Evet-hayır fark etmez, sağlıklı olsun da!

‘EVET’çilerin de ‘Hayır’cıların da sloganlarından, trollerinden gına geldi.

Haberin Devamı

İki kampanyayı da beğenmiyorum. Birisi konudan alakasız, safları sıklaştırıyoruz bakış açısı, diğeri dağınık, güçsüz. Sonuç olarak hiçbiri içeriğe pek dokunmadığı gibi, ‘Evet’çiler-‘Hayır’cılar diye bizi iki kampa ayırmaya meraklıların değirmenine su taşıyor.

Ben referandumla ilgili kendi kampanyamı yapacağım.

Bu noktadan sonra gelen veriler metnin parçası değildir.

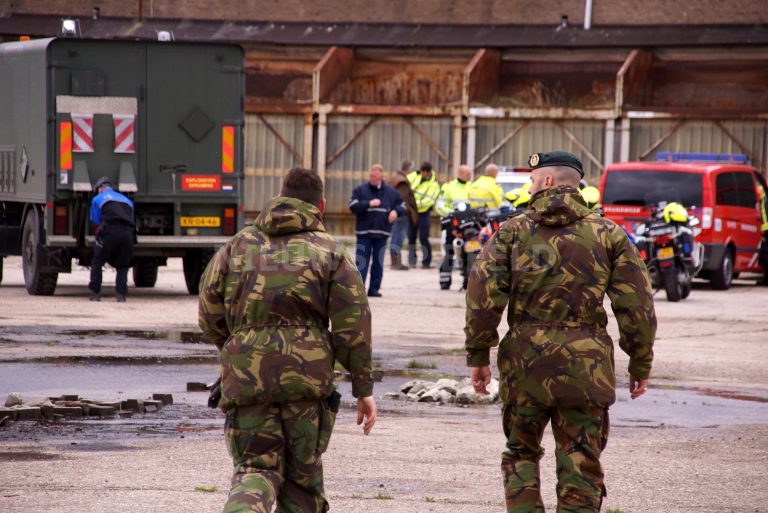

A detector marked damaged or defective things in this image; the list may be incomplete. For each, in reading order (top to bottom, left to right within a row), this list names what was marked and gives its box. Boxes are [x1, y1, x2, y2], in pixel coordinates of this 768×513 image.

rusty metal wall panel [246, 114, 306, 212]
rusty metal wall panel [326, 115, 456, 213]
rusty metal wall panel [474, 119, 608, 183]
rusty metal wall panel [628, 118, 764, 165]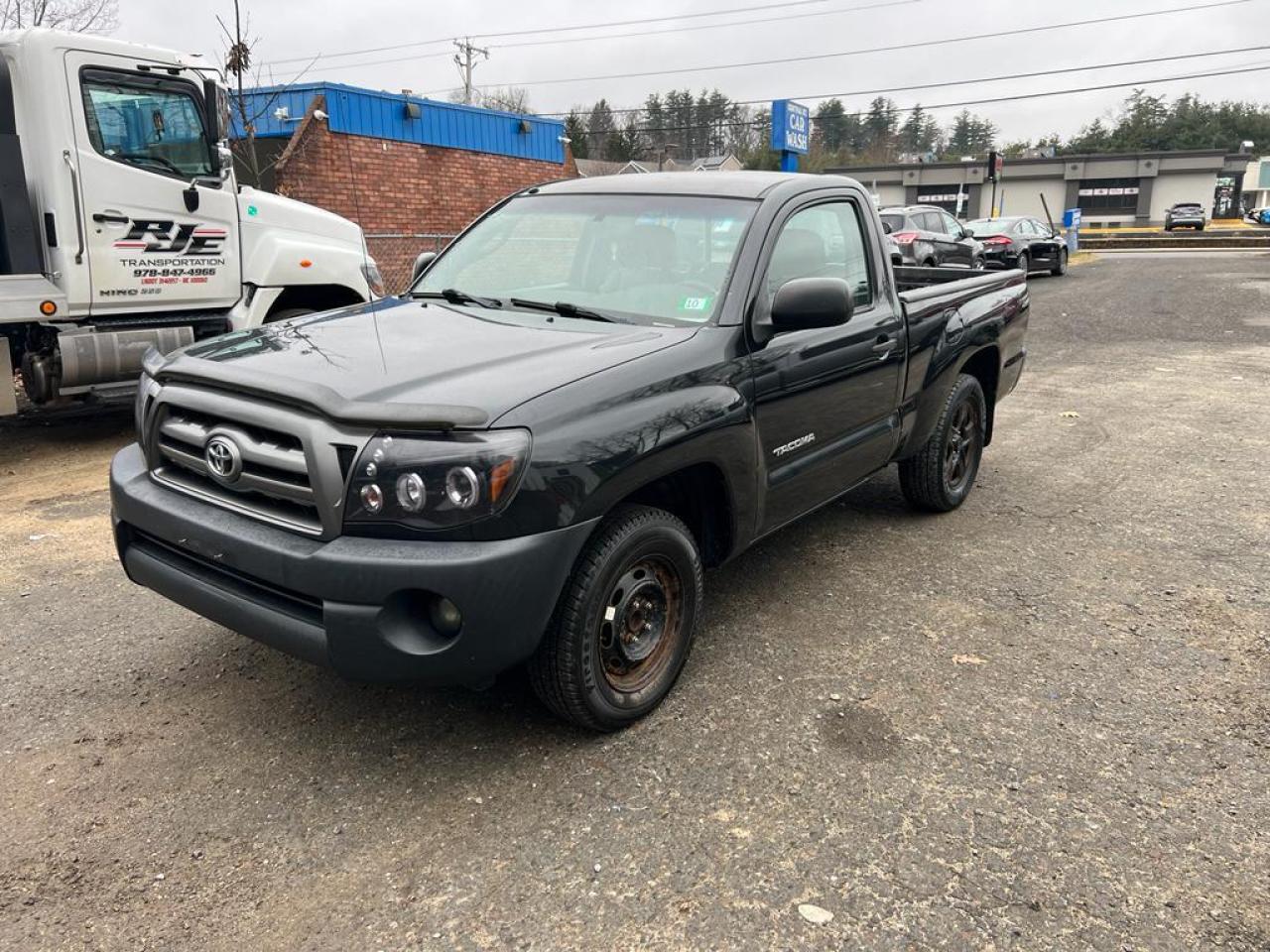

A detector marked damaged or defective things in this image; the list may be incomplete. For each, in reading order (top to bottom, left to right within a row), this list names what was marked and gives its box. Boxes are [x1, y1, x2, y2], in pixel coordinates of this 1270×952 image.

rusty rim [599, 555, 683, 694]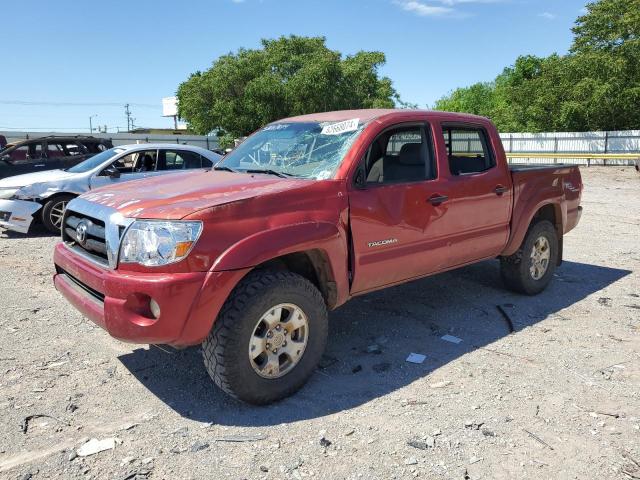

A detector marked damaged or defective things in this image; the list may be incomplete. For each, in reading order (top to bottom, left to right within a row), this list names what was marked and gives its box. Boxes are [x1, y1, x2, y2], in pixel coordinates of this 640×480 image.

damaged windshield [216, 119, 362, 180]
cracked windshield [218, 119, 364, 179]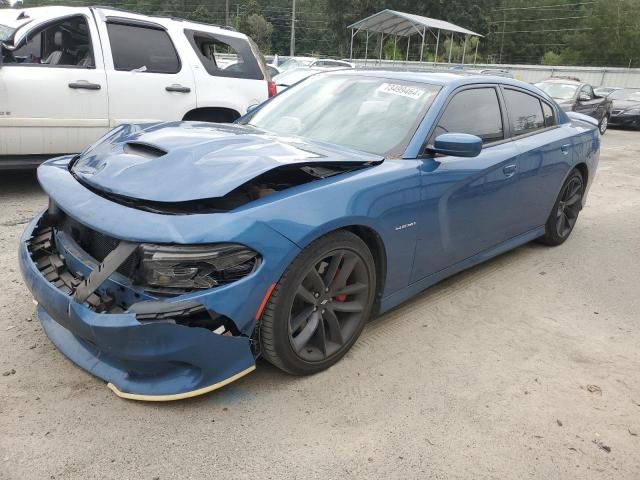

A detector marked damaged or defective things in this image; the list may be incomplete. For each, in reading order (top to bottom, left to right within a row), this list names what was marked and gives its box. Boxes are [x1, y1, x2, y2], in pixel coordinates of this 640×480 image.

cracked bumper [18, 216, 256, 400]
front-end collision damage [21, 212, 258, 400]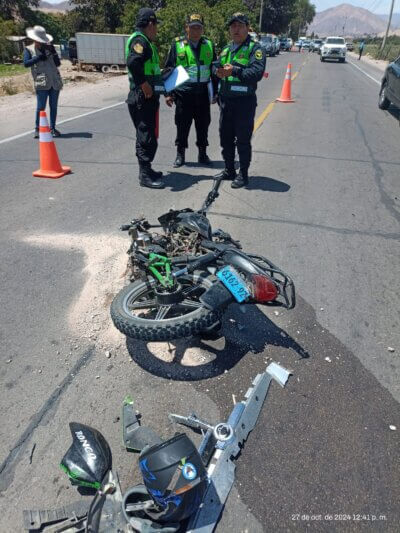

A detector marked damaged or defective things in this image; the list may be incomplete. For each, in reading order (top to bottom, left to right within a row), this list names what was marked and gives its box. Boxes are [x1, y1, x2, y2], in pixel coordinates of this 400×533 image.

wrecked motorcycle [111, 176, 296, 340]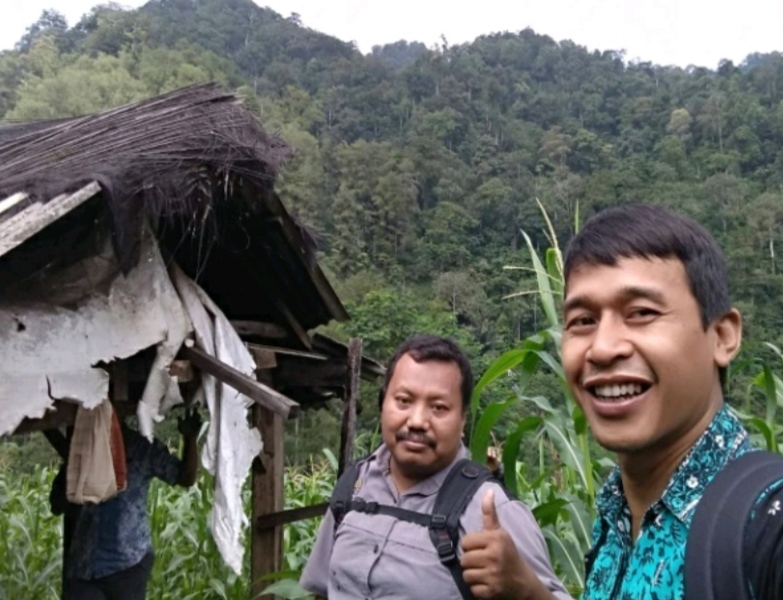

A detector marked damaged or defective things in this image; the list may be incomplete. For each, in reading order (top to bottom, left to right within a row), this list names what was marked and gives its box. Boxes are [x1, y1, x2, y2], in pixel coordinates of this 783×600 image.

torn white tarpaulin [0, 229, 191, 436]
damaged thatched roof [0, 82, 350, 340]
torn white tarpaulin [171, 264, 264, 576]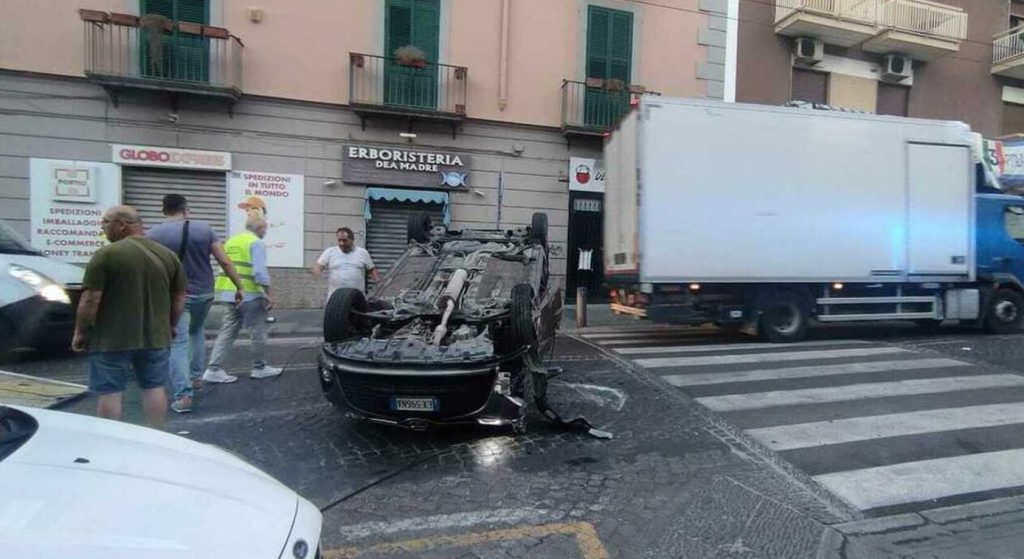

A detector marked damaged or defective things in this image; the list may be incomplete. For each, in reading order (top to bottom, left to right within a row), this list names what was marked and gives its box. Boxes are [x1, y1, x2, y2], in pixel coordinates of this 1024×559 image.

overturned black car [317, 209, 561, 430]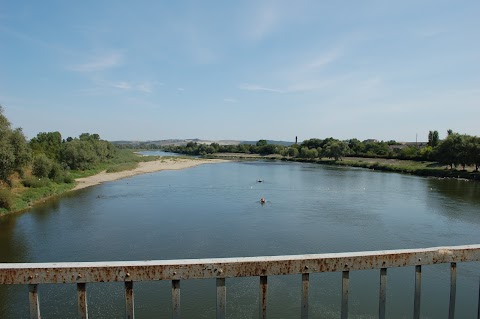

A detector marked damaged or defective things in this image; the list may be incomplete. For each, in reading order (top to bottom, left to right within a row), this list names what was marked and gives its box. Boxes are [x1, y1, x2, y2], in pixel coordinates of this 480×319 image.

rusty railing [0, 245, 480, 318]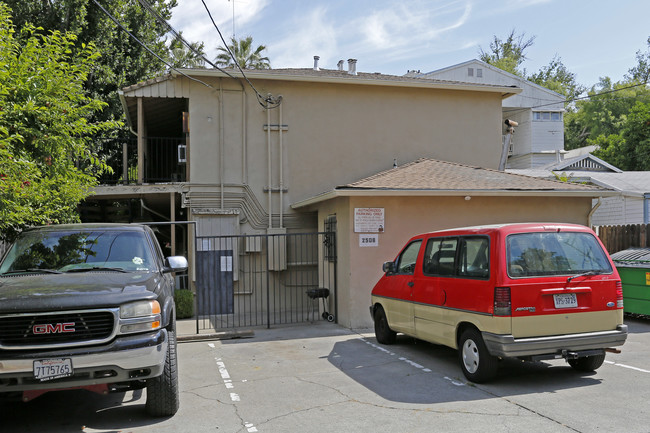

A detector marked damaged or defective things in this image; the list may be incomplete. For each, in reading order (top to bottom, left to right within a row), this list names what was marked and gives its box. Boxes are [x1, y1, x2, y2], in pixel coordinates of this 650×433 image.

cracked pavement [3, 318, 648, 432]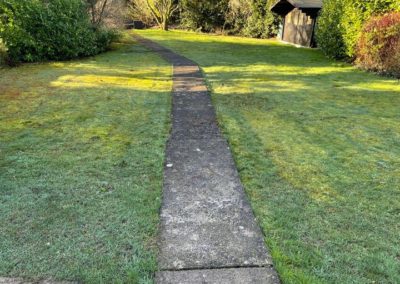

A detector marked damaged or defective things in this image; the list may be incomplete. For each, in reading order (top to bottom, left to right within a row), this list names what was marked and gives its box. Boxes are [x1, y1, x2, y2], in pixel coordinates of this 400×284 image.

cracked concrete slab [133, 34, 280, 282]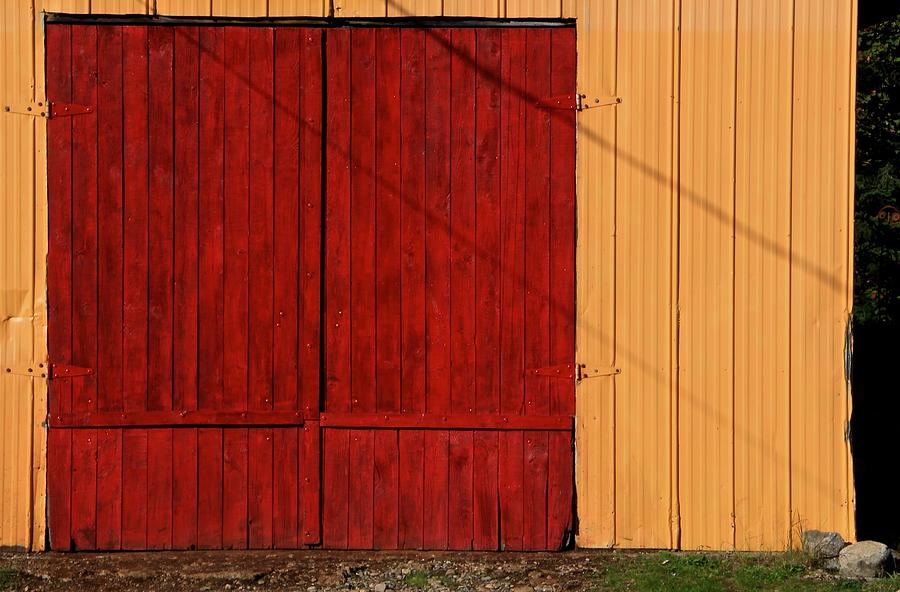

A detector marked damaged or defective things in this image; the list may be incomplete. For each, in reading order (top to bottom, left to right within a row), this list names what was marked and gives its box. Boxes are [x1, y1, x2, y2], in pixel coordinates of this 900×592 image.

rusty metal hinge [3, 100, 93, 119]
rusty metal hinge [536, 93, 624, 111]
rusty metal hinge [3, 360, 48, 380]
rusty metal hinge [48, 364, 94, 382]
rusty metal hinge [524, 364, 624, 382]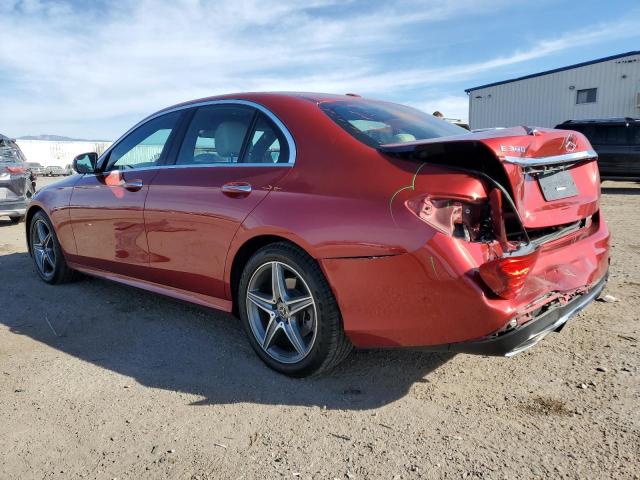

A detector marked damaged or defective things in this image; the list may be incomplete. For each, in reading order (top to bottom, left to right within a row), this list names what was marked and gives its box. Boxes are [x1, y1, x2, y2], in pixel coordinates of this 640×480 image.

broken taillight [408, 194, 492, 240]
broken taillight [480, 249, 540, 298]
damaged rear bumper [442, 274, 608, 356]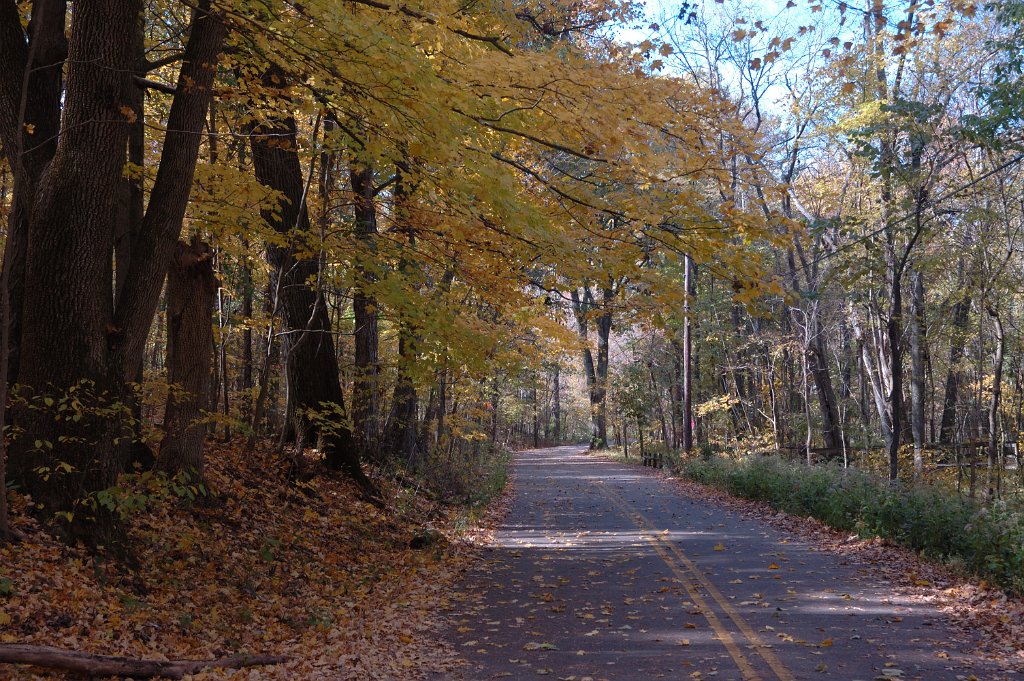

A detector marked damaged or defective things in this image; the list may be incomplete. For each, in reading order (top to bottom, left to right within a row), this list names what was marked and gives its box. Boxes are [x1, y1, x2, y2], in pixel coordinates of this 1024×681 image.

cracked road surface [442, 446, 1007, 679]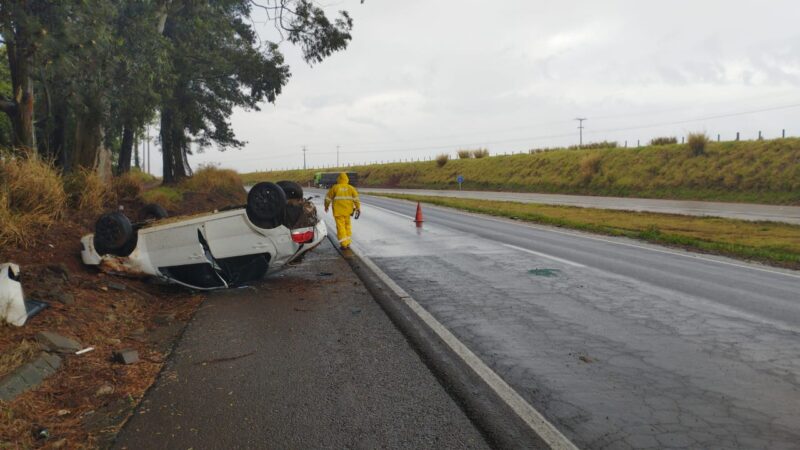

Zaten siyasetten sıkılmış bir mizahçıyım. Birleştirici, bütünleştirici, anti-trol kampanyamı bugün başlatıyorum.

Slogan adaylarım şöyle:

“Ben kalender meşrebim, evet-hayır aramam!”
“Bir ihtimal daha var, o da ‘belki’ mi dersin?”
“Bu işler kısmet işi”
“Su akar yolunu bulur”

Nasıl? Bence iyi. Zira şu an ikiye bölünmüş ve birbirlerine gıcık olsunlar diye arkadan ittirilip fişteklenen bir milletin, bir ortak müşterek bulmaya ihtiyacı var. Ama mesela bu ortak müşterek, yakın zamana kadar her gün 20 defa kullandığımız, tatlı, kaderci, iyi niyetli, ümitli “Hayırlı olsun” cümlesi bile olamıyor.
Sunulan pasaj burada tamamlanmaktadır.